Pappaw was a quiet guy, always quite practical. It only took a couple of nights before Pappaw was certain Nanny would make a good mother for young Frank. Nanny was confident Pappaw would take good care of them. They married two weeks later.

Frank and Mary Louise Appleman Smith’s marriage lasted sixty-five years, until he died. Nanny often remarked that Pappaw had given her a wonderful life, and she would not have changed a thing about it.

But I was grown, with a grandchild of my own, before she confessed the rest of the story.

I was forty-five years old and she eighty-nine when I spent one of the last weekends I would ever spend with my Nanny. Her, me and nobody else. “Did I ever tell you about how Pappaw and I started dating?” she asked as we moved through memories I had heard all my life.

“You sure did, Nanny. I can tell you the story if you want,” I responded, giving her a wink.
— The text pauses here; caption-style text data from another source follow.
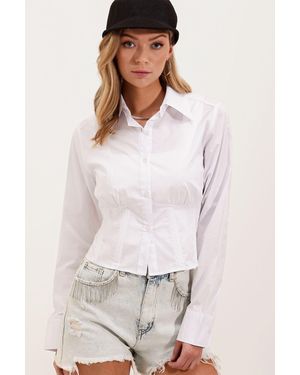 Bigdart 20231 Slim Fit Popeline-Hemd Für Damen - Weiß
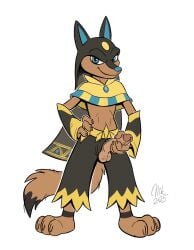 anthro anubian_jackal armwear balls black_body bottomwear canid canine canis clothed clothing digital_media_(artwork) egyptian_mythology erection feet fingers fur genitals hand_on_penis hi_res humanoid_genitalia humanoid_penis jackal looking_at_viewer male male_only mammal masturbation middle_eastern_mythology mythology nikraccoom pants penile penile_masturbation penis simple_background smile solo standing tail toes topwear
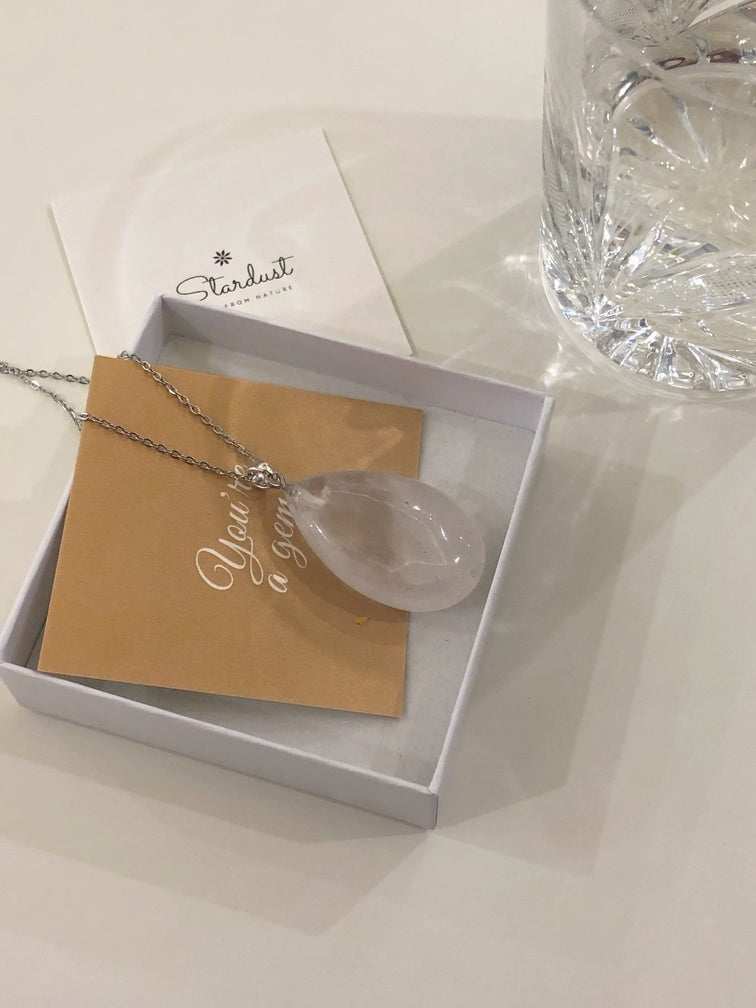"Clarity" Gemstone Drop-Shaped Clear Quartz Pendant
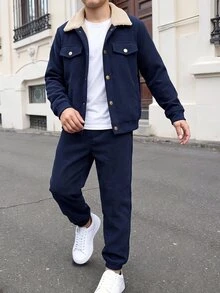 SHEIN 青少年男孩2件套休閒燈芯絨面料翻領長袖夾克與彈性腰長褲，適合秋冬春季，適合戶外玩耍、學校、街頭風、派對與居家休閒，高CP值 - 藏蓝色 - 查看 5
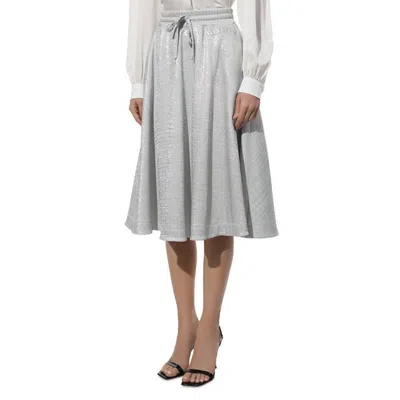 Valentino Metallic-threading Midi Skirt In White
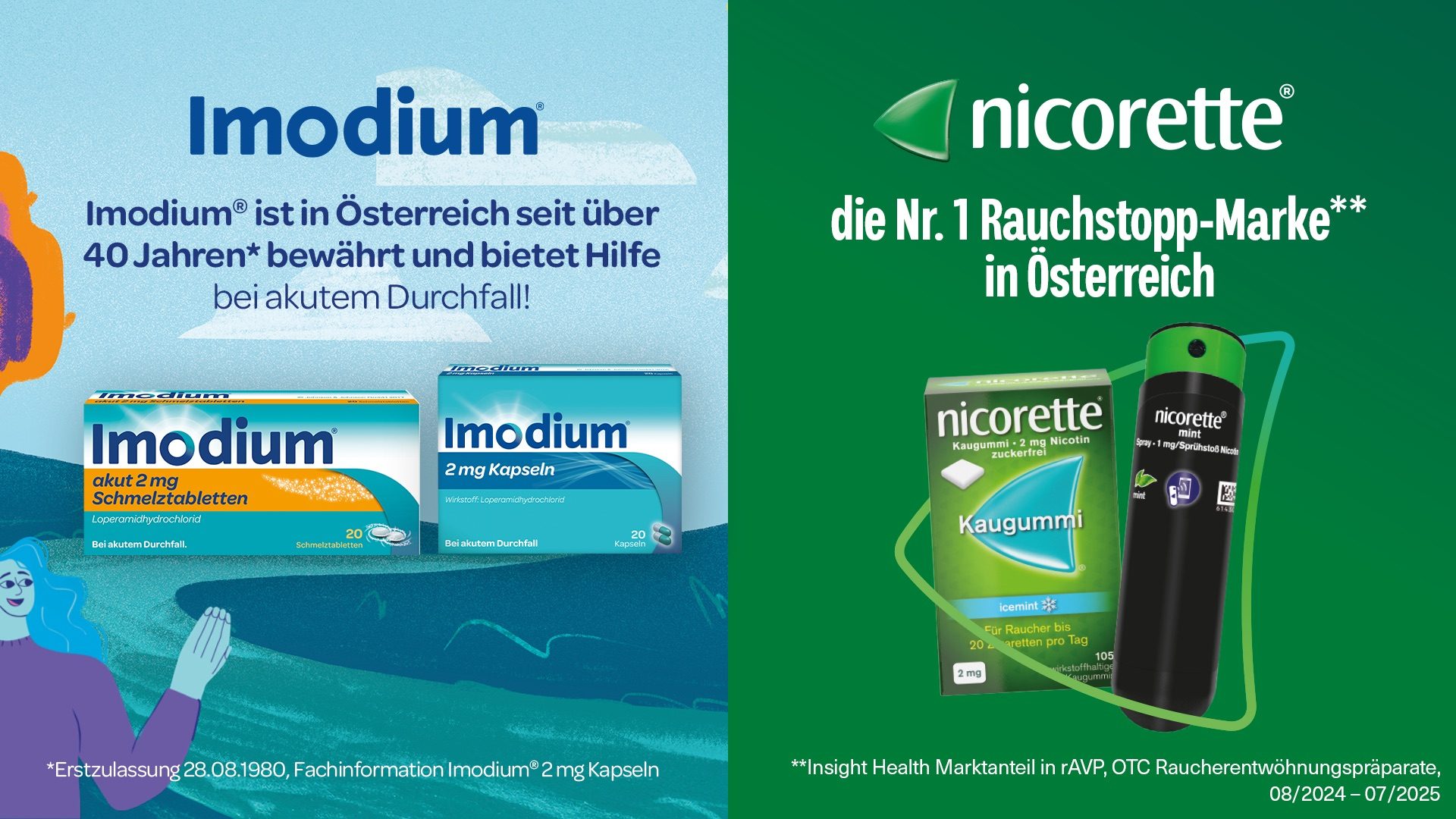 Header Imodium & nicorette auf der APOTHEKENTOUR.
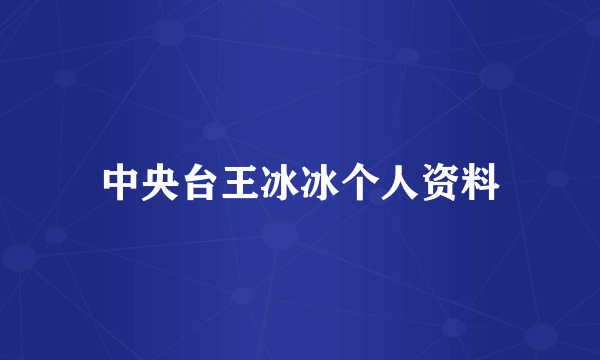 中央台王冰冰个人资料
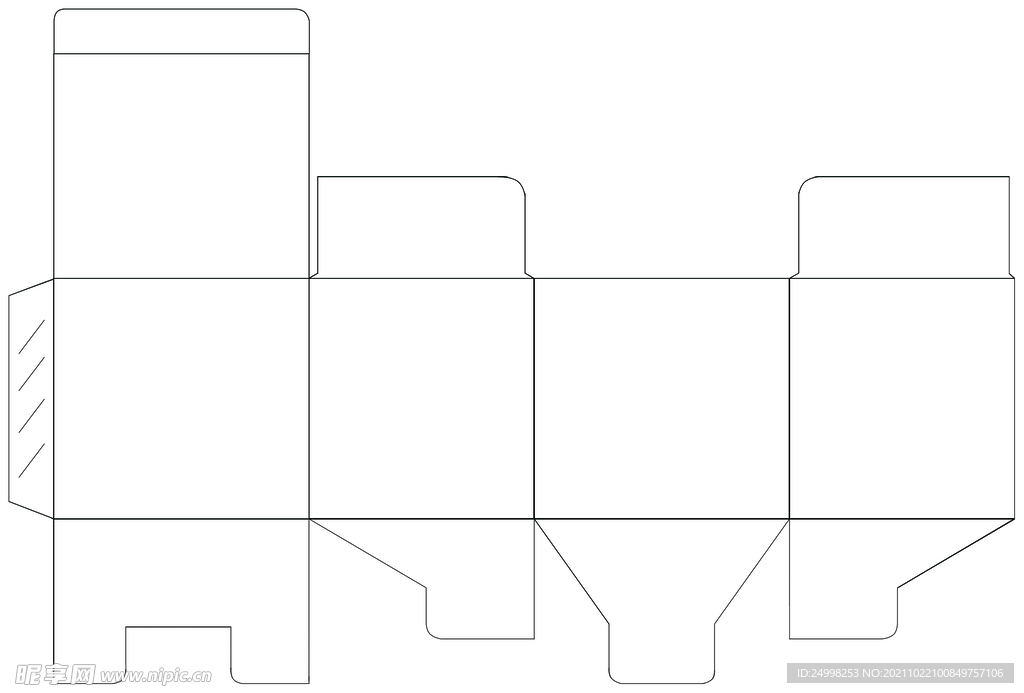扣底盒盒子刀版展开图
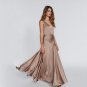 V-neck Backless Split Zipper Side Ruffles Vintage Lady Dresses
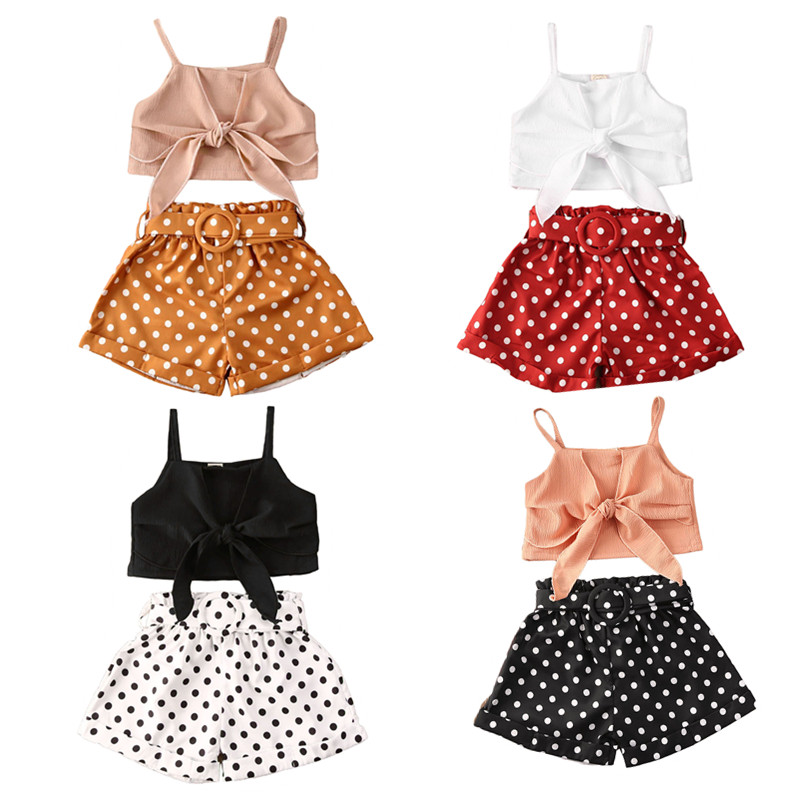 Citgeett Summer Kids 1-6T Baby Girls Fashion Clothes Bow Vest Crops Tops Polka Dot Shorts With Belt Sunsuit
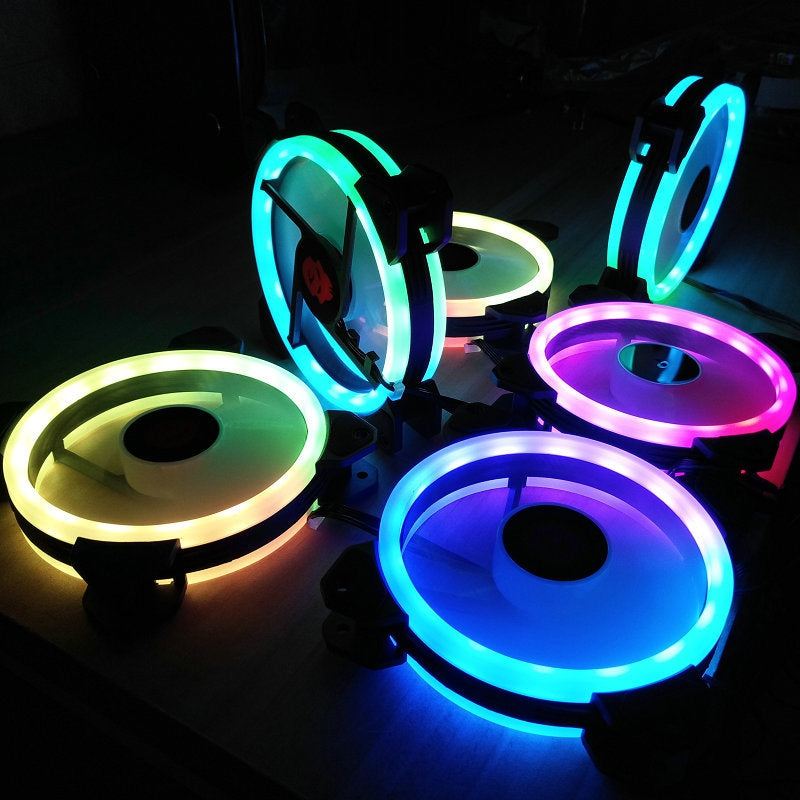 3PCS 120mm Adjustable RGB LED Light Computer Case PC Cooling Fan with Remote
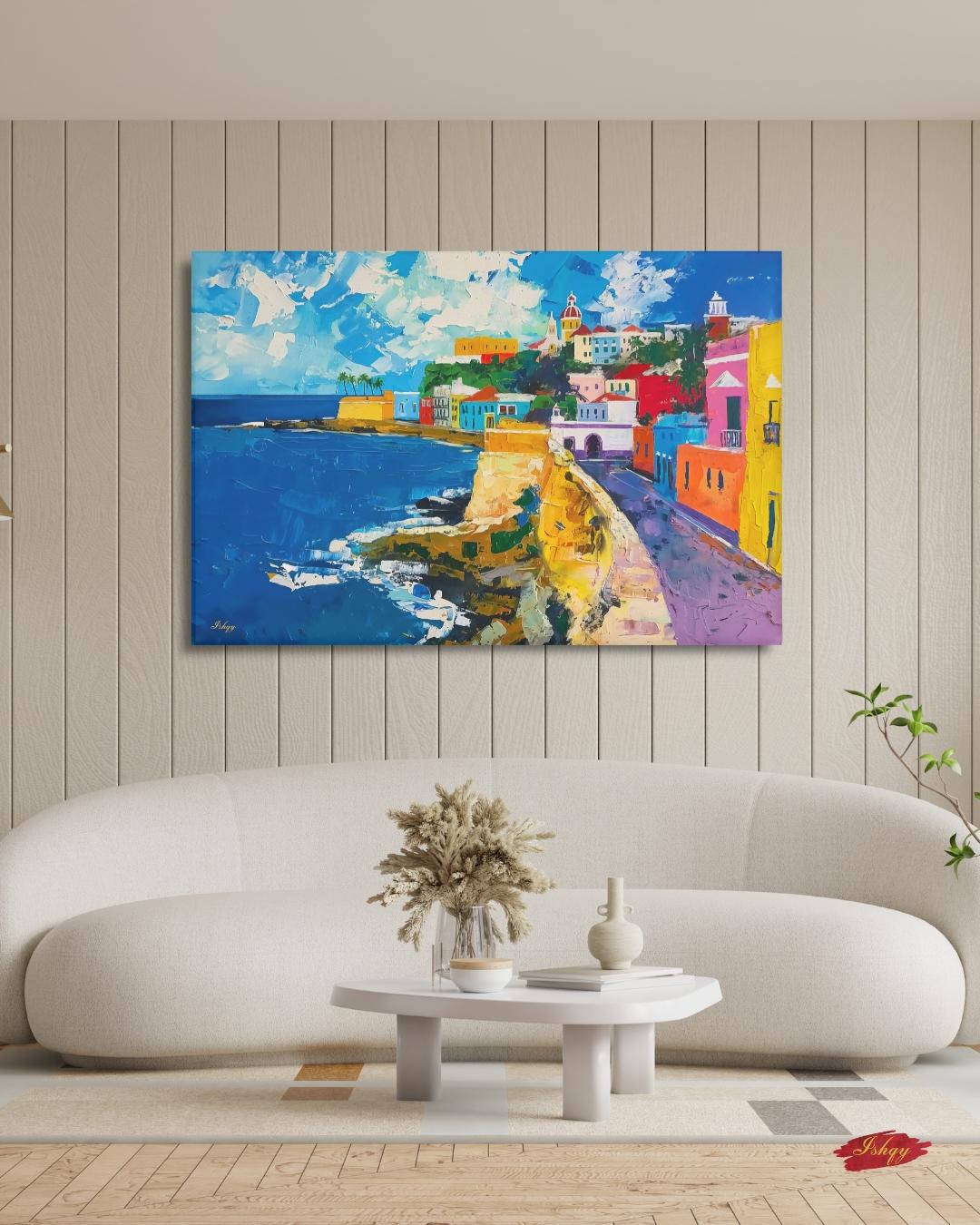 San Juan Puerto Rico Wall Art Print, Canvas, Framed Canvas, Old San Juan Colorful Coastal Cityscape Painting, Caribbean Travel Home Decor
Nanny went on, ignoring me. “Well, I was seventeen years old, and I was working in a hospital,” she started. “It was time for me to get off work one Saturday evening when Gramma Appleman came in and said she had a great surprise for me. ‘You’ll never believe who’s outside,’ she said. I was so excited I ran out onto that porch and threw my arms around him. I gave him the biggest bear hug you ever saw!

“The only thing was,” she continued, “it wasn’t until I let go that I saw it was Pappaw. I thought it was someone else, a boy who moved off. I had been in love with him for years.” Head lowered, inspecting her floorboards, she raised her twinkling eyes to meet mine.

I couldn’t speak. Dumbfounded, I sat there staring at her, not one muscle twitching.

“Guess I never told you that part of the story, did I?” she asked.

“No, Nanny, you never did.”

“Well, I think you’re old enough to know now,” she said, smiling.

My heart swelled as I painted another image. I pictured a young, impetuous Nanny, dressed in white, nurse’s hat perched on top of her head. She’s running onto the wooden porch, heart pumping so fast she didn’t think to look at the man whose back faced her. Seventeen-year-old Nanny, who had just made the best mistake of her life.